**ABOUT THIS EXERCISE:**
The required output is every record, reproduced exactly.
====== DATASET
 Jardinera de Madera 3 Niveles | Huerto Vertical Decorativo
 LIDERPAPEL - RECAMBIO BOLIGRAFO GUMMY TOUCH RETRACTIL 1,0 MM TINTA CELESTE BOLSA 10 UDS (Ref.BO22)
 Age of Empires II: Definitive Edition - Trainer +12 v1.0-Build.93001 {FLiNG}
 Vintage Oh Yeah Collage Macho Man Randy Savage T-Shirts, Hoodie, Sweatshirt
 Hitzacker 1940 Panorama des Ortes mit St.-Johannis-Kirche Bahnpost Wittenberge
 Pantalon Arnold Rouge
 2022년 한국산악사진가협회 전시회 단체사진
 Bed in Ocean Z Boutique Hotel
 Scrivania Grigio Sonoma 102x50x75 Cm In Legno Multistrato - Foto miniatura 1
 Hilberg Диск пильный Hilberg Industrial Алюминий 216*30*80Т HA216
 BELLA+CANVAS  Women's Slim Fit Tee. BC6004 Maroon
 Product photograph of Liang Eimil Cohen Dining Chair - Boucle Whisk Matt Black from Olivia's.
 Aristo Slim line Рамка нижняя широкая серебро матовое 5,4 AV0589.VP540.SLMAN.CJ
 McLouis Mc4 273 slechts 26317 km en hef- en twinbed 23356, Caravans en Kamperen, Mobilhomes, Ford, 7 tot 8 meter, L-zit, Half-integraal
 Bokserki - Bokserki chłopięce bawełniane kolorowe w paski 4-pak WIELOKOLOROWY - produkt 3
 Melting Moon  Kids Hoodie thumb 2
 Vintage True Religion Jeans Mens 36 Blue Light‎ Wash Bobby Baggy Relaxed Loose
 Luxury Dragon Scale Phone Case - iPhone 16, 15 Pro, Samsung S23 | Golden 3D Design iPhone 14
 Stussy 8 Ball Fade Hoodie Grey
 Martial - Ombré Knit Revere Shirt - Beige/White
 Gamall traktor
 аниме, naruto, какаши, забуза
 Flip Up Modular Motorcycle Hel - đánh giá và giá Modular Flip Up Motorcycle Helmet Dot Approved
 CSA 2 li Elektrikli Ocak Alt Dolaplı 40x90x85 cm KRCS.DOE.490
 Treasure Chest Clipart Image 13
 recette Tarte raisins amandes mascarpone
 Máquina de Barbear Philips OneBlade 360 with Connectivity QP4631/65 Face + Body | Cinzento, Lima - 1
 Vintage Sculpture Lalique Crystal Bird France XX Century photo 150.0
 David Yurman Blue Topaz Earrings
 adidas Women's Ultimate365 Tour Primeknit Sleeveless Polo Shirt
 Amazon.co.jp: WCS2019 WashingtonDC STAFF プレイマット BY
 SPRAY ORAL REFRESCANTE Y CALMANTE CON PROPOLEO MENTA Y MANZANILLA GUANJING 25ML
============
**OUTPUT OF THE EXERCISE:**
 Jardinera de Madera 3 Niveles | Huerto Vertical Decorativo
 LIDERPAPEL - RECAMBIO BOLIGRAFO GUMMY TOUCH RETRACTIL 1,0 MM TINTA CELESTE BOLSA 10 UDS (Ref.BO22)
 Age of Empires II: Definitive Edition - Trainer +12 v1.0-Build.93001 {FLiNG}
 Vintage Oh Yeah Collage Macho Man Randy Savage T-Shirts, Hoodie, Sweatshirt
 Hitzacker 1940 Panorama des Ortes mit St.-Johannis-Kirche Bahnpost Wittenberge
 Pantalon Arnold Rouge
 2022년 한국산악사진가협회 전시회 단체사진
 Bed in Ocean Z Boutique Hotel
 Scrivania Grigio Sonoma 102x50x75 Cm In Legno Multistrato - Foto miniatura 1
 Hilberg Диск пильный Hilberg Industrial Алюминий 216*30*80Т HA216
 BELLA+CANVAS  Women's Slim Fit Tee. BC6004 Maroon
 Product photograph of Liang Eimil Cohen Dining Chair - Boucle Whisk Matt Black from Olivia's.
 Aristo Slim line Рамка нижняя широкая серебро матовое 5,4 AV0589.VP540.SLMAN.CJ
 McLouis Mc4 273 slechts 26317 km en hef- en twinbed 23356, Caravans en Kamperen, Mobilhomes, Ford, 7 tot 8 meter, L-zit, Half-integraal
 Bokserki - Bokserki chłopięce bawełniane kolorowe w paski 4-pak WIELOKOLOROWY - produkt 3
 Melting Moon  Kids Hoodie thumb 2
 Vintage True Religion Jeans Mens 36 Blue Light‎ Wash Bobby Baggy Relaxed Loose
 Luxury Dragon Scale Phone Case - iPhone 16, 15 Pro, Samsung S23 | Golden 3D Design iPhone 14
 Stussy 8 Ball Fade Hoodie Grey
 Martial - Ombré Knit Revere Shirt - Beige/White
 Gamall traktor
 аниме, naruto, какаши, забуза
 Flip Up Modular Motorcycle Hel - đánh giá và giá Modular Flip Up Motorcycle Helmet Dot Approved
 CSA 2 li Elektrikli Ocak Alt Dolaplı 40x90x85 cm KRCS.DOE.490
 Treasure Chest Clipart Image 13
 recette Tarte raisins amandes mascarpone
 Máquina de Barbear Philips OneBlade 360 with Connectivity QP4631/65 Face + Body | Cinzento, Lima - 1
 Vintage Sculpture Lalique Crystal Bird France XX Century photo 150.0
 David Yurman Blue Topaz Earrings
 adidas Women's Ultimate365 Tour Primeknit Sleeveless Polo Shirt
 Amazon.co.jp: WCS2019 WashingtonDC STAFF プレイマット BY
 SPRAY ORAL REFRESCANTE Y CALMANTE CON PROPOLEO MENTA Y MANZANILLA GUANJING 25ML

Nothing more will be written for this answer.